This is not the column I expected to write this week. But a few nights ago, I had an experience that confirmed for me that we’re on the cusp of history — regardless of how the Supreme Court decides, in the landmark marriage equality cases it’s currently deliberating.
I was at dinner with my mom and dad, belatedly celebrating (if that’s the right word) my 45th year on this planet. I love my parents and enjoy spending time with them, but I’m always wary of that moment — usually between dessert and the arrival of the check — when the thermostat of the conversation plunges from warm and familial to chilly and stiff.
The post-meal, pre-check interlude is when my dad, an inveterate news buff, generally chooses to bring up the latest headlines and expound on what’s wrong with the world, our nation, people these days and the Obama administration.
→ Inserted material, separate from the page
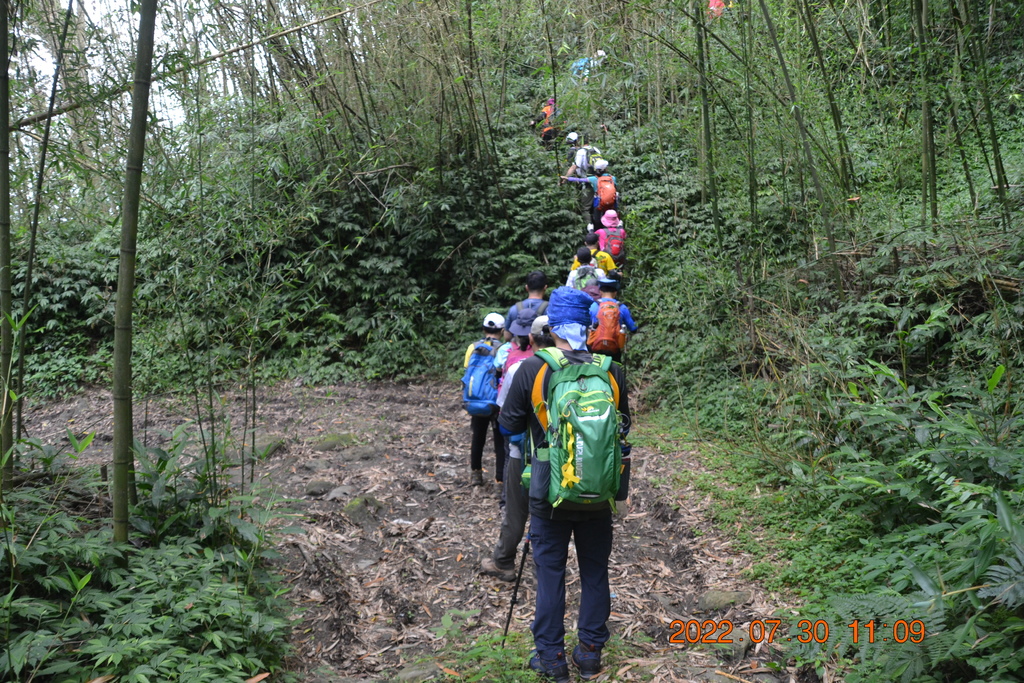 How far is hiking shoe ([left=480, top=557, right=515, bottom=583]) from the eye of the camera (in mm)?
4285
He’s a first-generation immigrant from Taiwan, a devout evangelical Christian and a staunch Nixon Republican. It’s been a very long time since he and I could have a political conversation that didn’t end with unfinished pie sitting cold at the table.
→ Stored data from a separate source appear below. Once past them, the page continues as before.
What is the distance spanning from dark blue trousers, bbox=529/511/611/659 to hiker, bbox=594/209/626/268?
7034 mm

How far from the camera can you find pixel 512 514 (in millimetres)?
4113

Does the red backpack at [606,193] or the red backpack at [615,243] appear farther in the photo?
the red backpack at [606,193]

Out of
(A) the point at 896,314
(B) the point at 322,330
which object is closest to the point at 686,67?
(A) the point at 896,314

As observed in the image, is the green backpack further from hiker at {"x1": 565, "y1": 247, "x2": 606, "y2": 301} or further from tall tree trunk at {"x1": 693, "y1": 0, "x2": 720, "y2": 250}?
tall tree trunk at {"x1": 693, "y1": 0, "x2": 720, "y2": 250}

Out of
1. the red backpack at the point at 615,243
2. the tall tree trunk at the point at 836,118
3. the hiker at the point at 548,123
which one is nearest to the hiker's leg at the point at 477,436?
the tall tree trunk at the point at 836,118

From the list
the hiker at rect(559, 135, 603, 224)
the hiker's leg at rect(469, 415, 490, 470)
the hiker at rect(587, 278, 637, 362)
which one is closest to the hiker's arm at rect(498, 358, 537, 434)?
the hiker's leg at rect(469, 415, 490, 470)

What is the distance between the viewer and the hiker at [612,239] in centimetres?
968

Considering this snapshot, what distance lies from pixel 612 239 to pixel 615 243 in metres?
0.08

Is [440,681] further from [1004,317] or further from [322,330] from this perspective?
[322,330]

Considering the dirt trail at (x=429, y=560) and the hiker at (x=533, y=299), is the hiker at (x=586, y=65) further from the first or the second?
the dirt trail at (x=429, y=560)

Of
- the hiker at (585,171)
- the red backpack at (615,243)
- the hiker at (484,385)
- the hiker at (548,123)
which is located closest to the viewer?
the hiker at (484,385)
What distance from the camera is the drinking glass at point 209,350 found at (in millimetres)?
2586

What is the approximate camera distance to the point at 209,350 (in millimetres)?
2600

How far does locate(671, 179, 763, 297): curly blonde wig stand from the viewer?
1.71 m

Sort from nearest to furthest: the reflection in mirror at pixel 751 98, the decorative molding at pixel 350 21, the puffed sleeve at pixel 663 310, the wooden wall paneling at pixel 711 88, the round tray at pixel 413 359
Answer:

Just as I was hurriedly calling for the check, my dad raised a hand to get my attention. “Gay marriage,” he said. “What do you think about it?”
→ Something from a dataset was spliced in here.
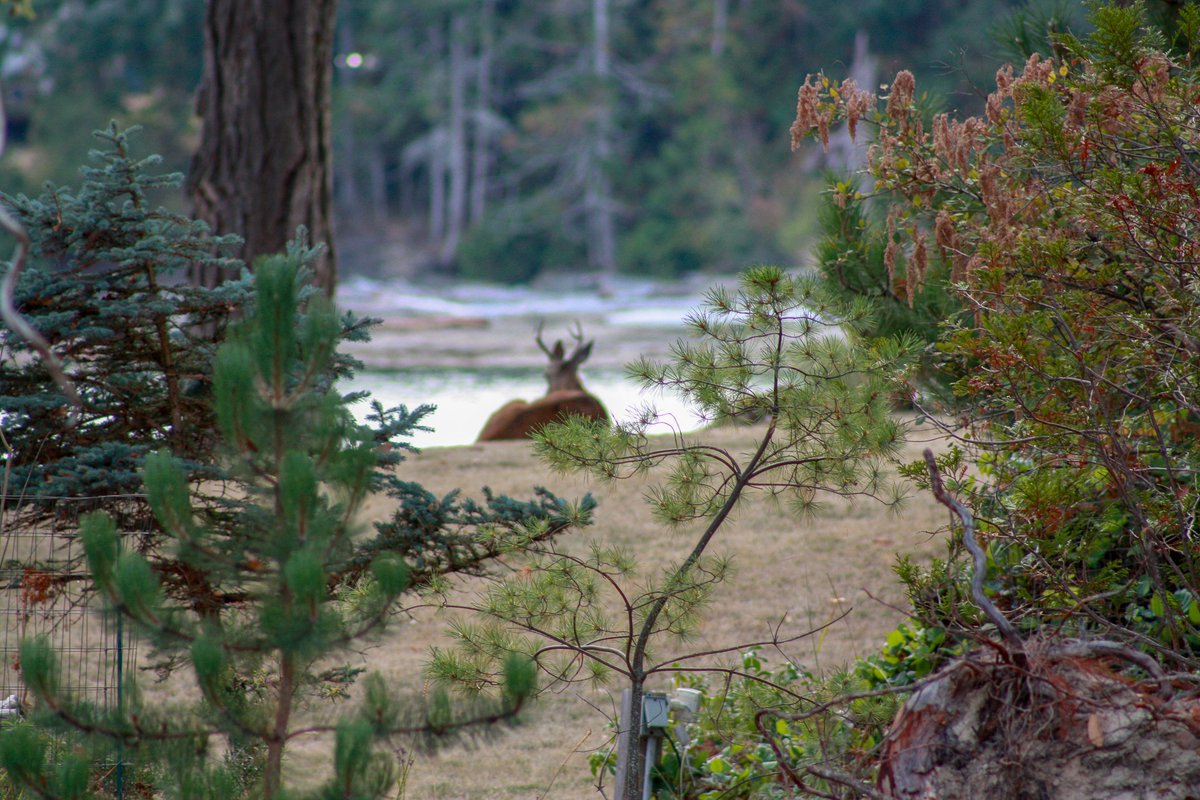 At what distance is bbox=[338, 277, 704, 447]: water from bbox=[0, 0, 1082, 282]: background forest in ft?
8.56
There it was. A dozen ways of avoiding this discussion flashed through my head — flipping the table, feigning a seizure, setting fire to the restaurant. None of them seemed practical. Before I could make any kind of a move, however, my father continued. “They should let them marry.”
I did a slapstick doubletake. “What?”
“Of course. Gay people are people. Love is love.“
The check arrived, we paid for dinner, and with my babysitter on overtime, the moment was lost, but I told him I wanted to continue our conversation the next day. After all, this was a stunning revelation, having lived through 45 years of my dad’s blunt, candid pronouncements critiquing the decay of society and the fading of basic values in our culture.
This is not to say he isn’t a kind and generous man — he’s a model of Christian charity and a pillar of our local Asian American community. A retired radiologist, he has spent most of his time since ceasing active practice in the “home church” movement, seeding and fostering small, home-based Christian congregations designed to maintain themselves with minimal infrastructure. It’s a design he says is more similar to how the earliest Christians worshipped, and one that allows the church to spread under the radar of, say, repressive governments and official state religions. He’s busier now than he was when working as a physician, constantly traveling to Asia to advance the cause.
But he is, one might say, prone to judgment. His opinions on topics ranging from the behavior of my children to universal healthcare to Jeremy Lin’s excessive turnovers often begin with the phrase, “You may not like it, but I have to say this —“
And yes, often, I do not like it. But he’s my dad. I love him. And sometimes he surprises me.
Never more, however, than this past week.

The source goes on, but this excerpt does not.